Growmedia-indo.online-
Uang Kuliah Tunggal (UKT) di perguruan tinggi kerap memberatkan mahasiswa. Penentuan besaran UKT sejatinya ditentukan berdasarkan ekonomi mahasiswa, tetapi sering tak tepat sasaran.
Dani, mahasiswa Sastra Indonesia Universitas Negeri Yogyakarta (UNY), salah satu yang mengalami kesulitan ini. Ibu Dani yang merupakan orang tua tunggal menanggung UKT Dani Rp 3,6 juta atau UKT golongan IV.
"Posisi orang tua single parent cuma besaran (UKT) tetap masih sangat besar dan keberatan," kata Dani melalui sambungan telepon, Rabu (15/5).
Selama ini, ibu Dani menjalankan berbagai pekerjaan. Selain di salon kecantikan, ibunya juga berjualan pupuk secara online.
Dani mengatakan saat sebelum daftar dirinya sudah mengisi secara jujur kondisi ekonominya.
"Kami disuruh motret rumah gitu-gitu.

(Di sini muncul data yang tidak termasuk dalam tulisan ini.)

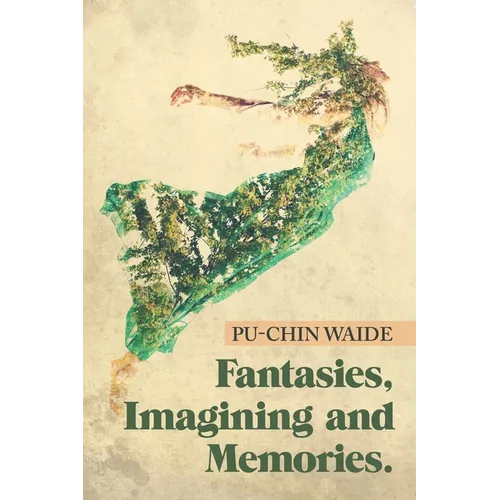 Fantasies, Imagining and Memories.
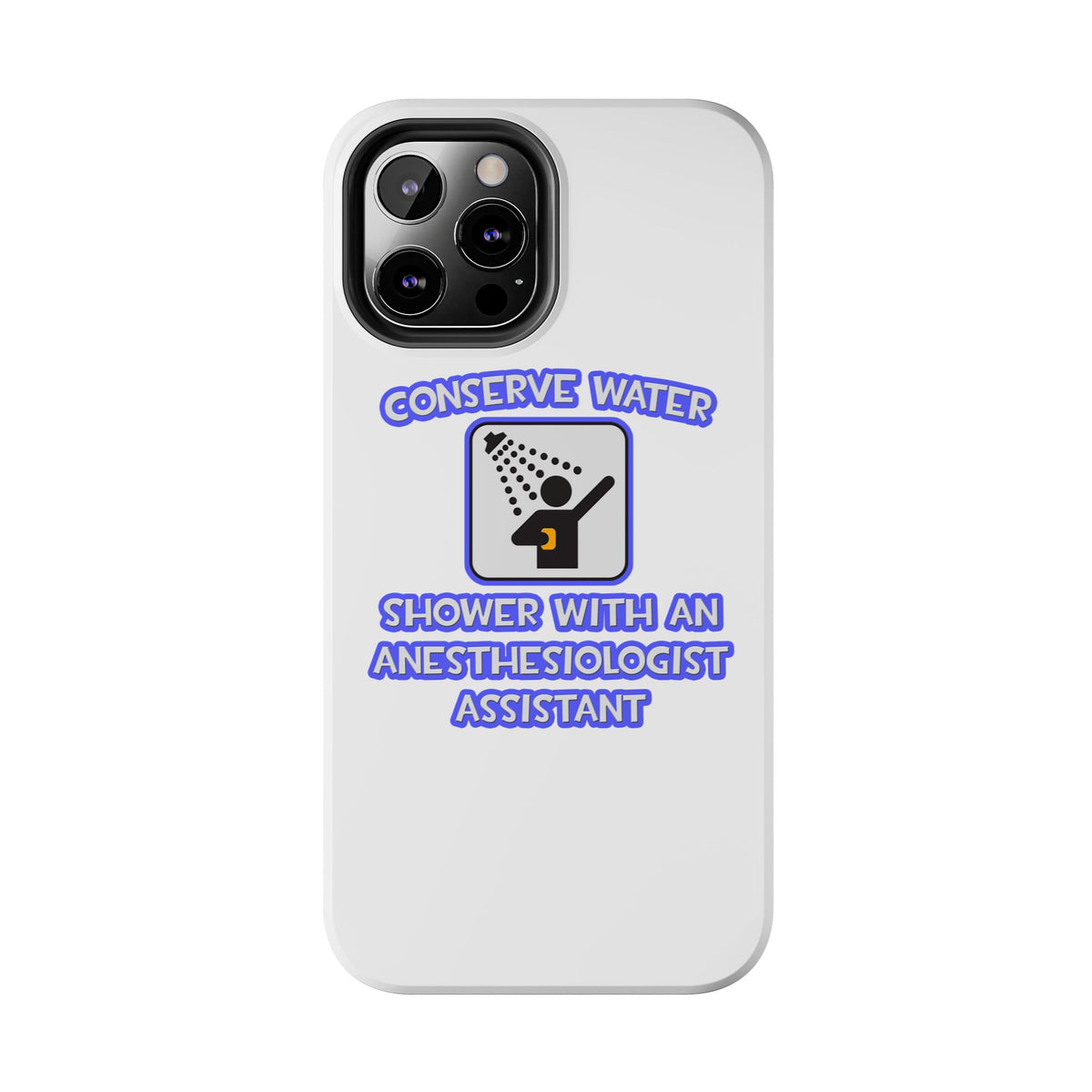 Conserve Water .. Shower With Anesthesiologist Asst - Tough Phone Cases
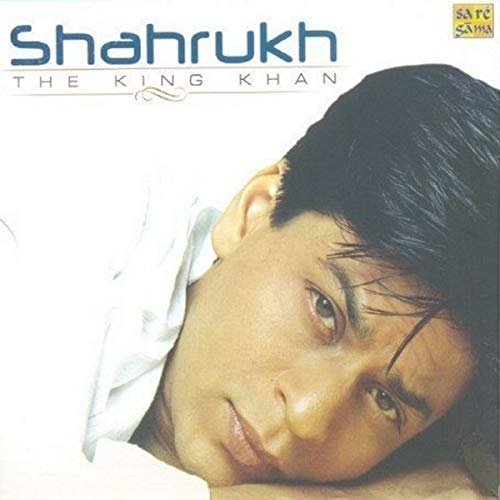 The King Khan (Best of Shah Rukh Khan Soundtracks) von Carvaan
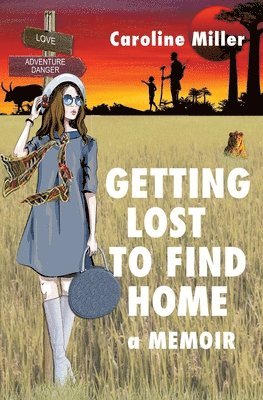 Caroline Miller - Getting Lost to Find Home, Häftad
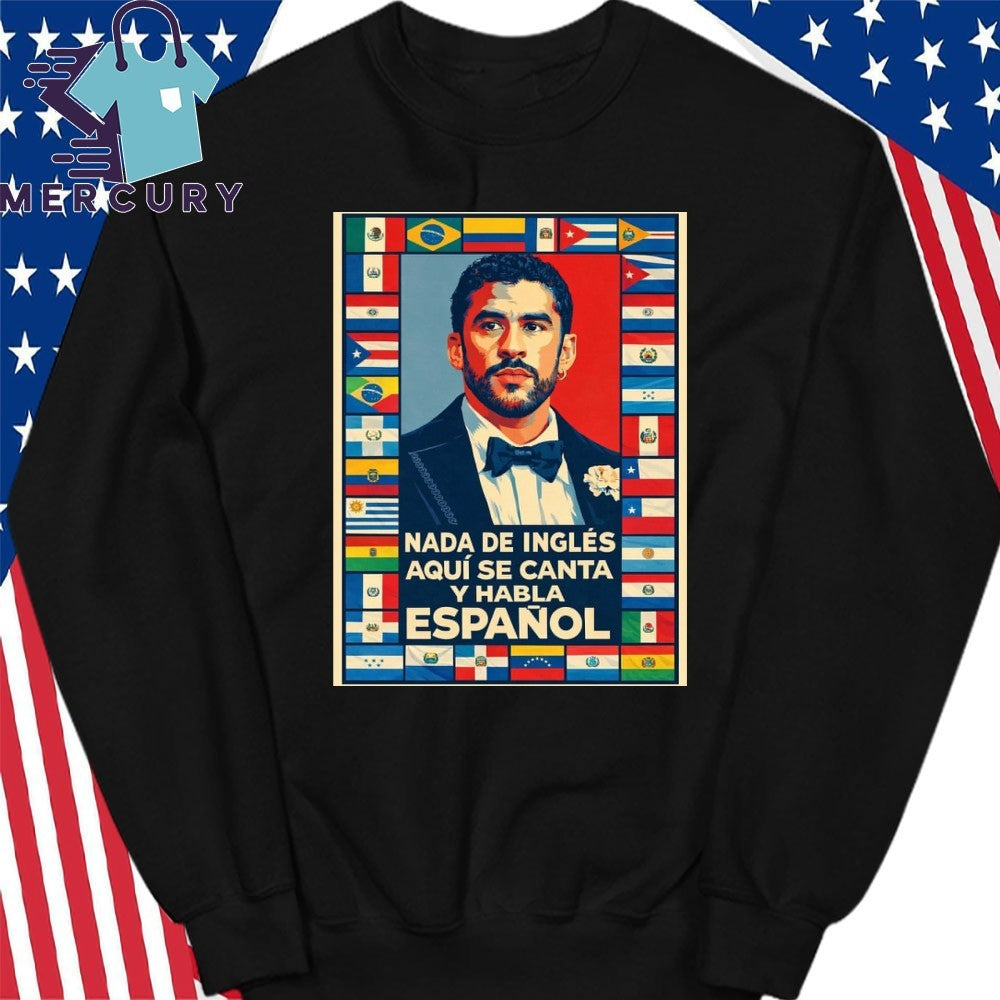 Nada de Inglés Aquí se Canta y Se Habla Español Shirt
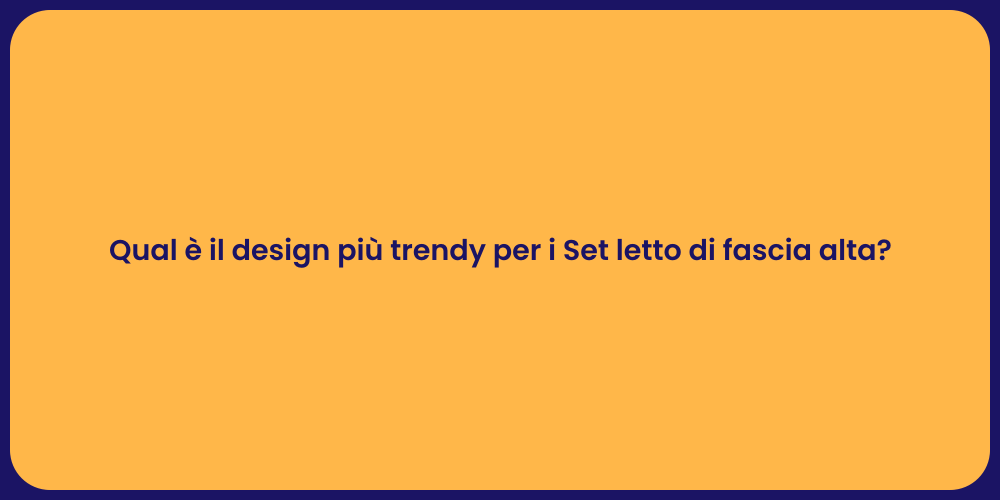 Qual è il design più trendy per i Set letto di fascia alta?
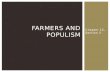 Farmers and Populism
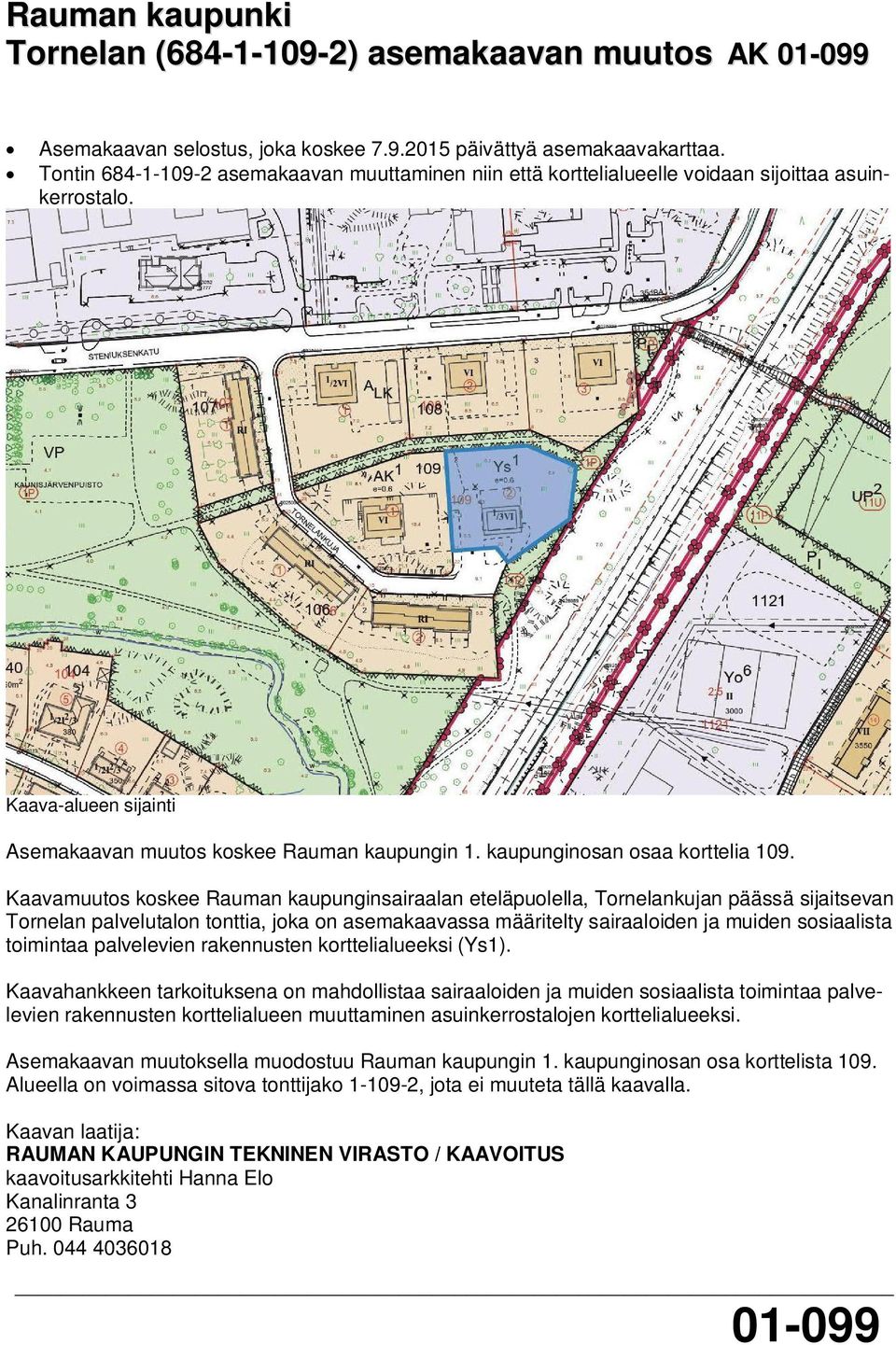 kaupunginosan osaa korttelia 109.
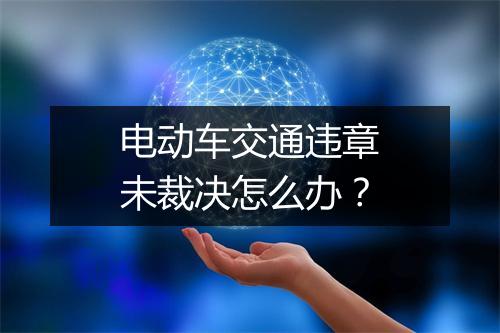 电动车交通违章未裁决怎么办？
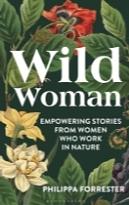 Wild Woman: Empowering Stories from Women who Work in Nature by Philippa Forrester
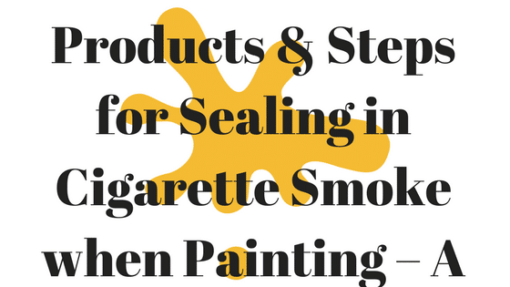 Products & Steps for Sealing in Cigarette Smoke when Painting – A Guide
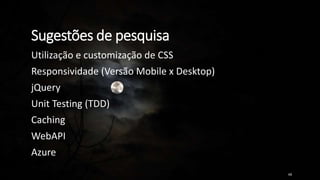 Sugestões de pesquisa
Utilização e customização de CSS
Responsividade (Versão Mobile x Desktop)
jQuery
Unit Testing (TDD)
Caching
WebAPI
Azure
68
 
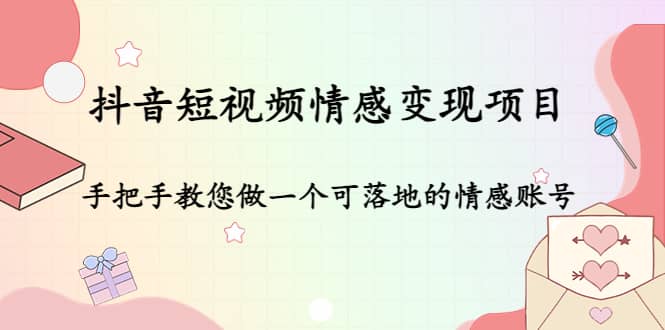 抖音短视频情感变现项目：手把手教您做一个可落地的情感账号-选优云网创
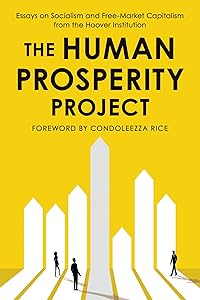 The Human Prosperity Project: Essays on Socialism and Free-Market Capitalism from the Hoover Institution by Hoover Institution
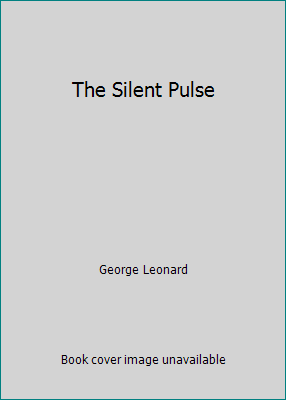 The Silent Pulse 0140193499 Book Cover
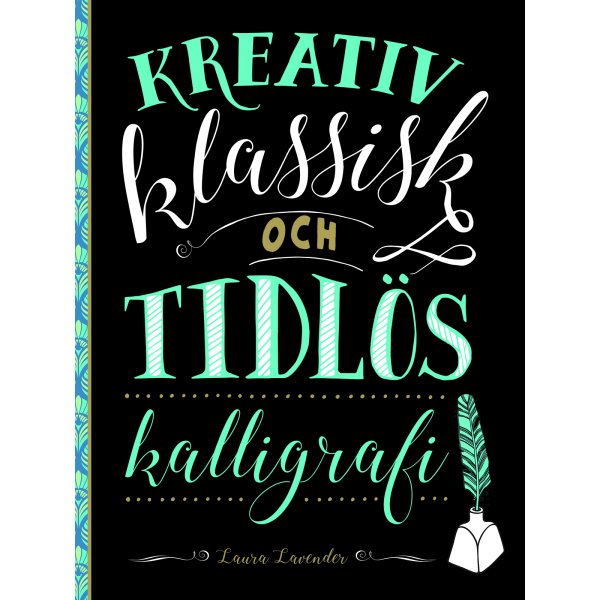Oppikirja - Luova klassikko ja ajaton kalligrafia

Dan saya bingung padahal ya sudah potret apa adanya enggak dilebihi enggak dikurangi. Tapi ya masih dapat segitu (UKT tinggi)," beber mahasiswa asal Mojokerto ini.
Untuk menutup biaya UKT, Dani pun terpaksa gali lobang tutup lobang. Bahkan dia sempat mengakses pinjaman online atau pinjol.
"Orang tua gali lobang tutup lobang. Kemarin saya sama orang tua juga nyari-nyari rumah yang mau mengutang tapi yang enggak (terdaftar) OJK," katanya.
"Tetap dalam lingkaran pinjol. Kadang pinjam sini, pinjam sana," jelasnya.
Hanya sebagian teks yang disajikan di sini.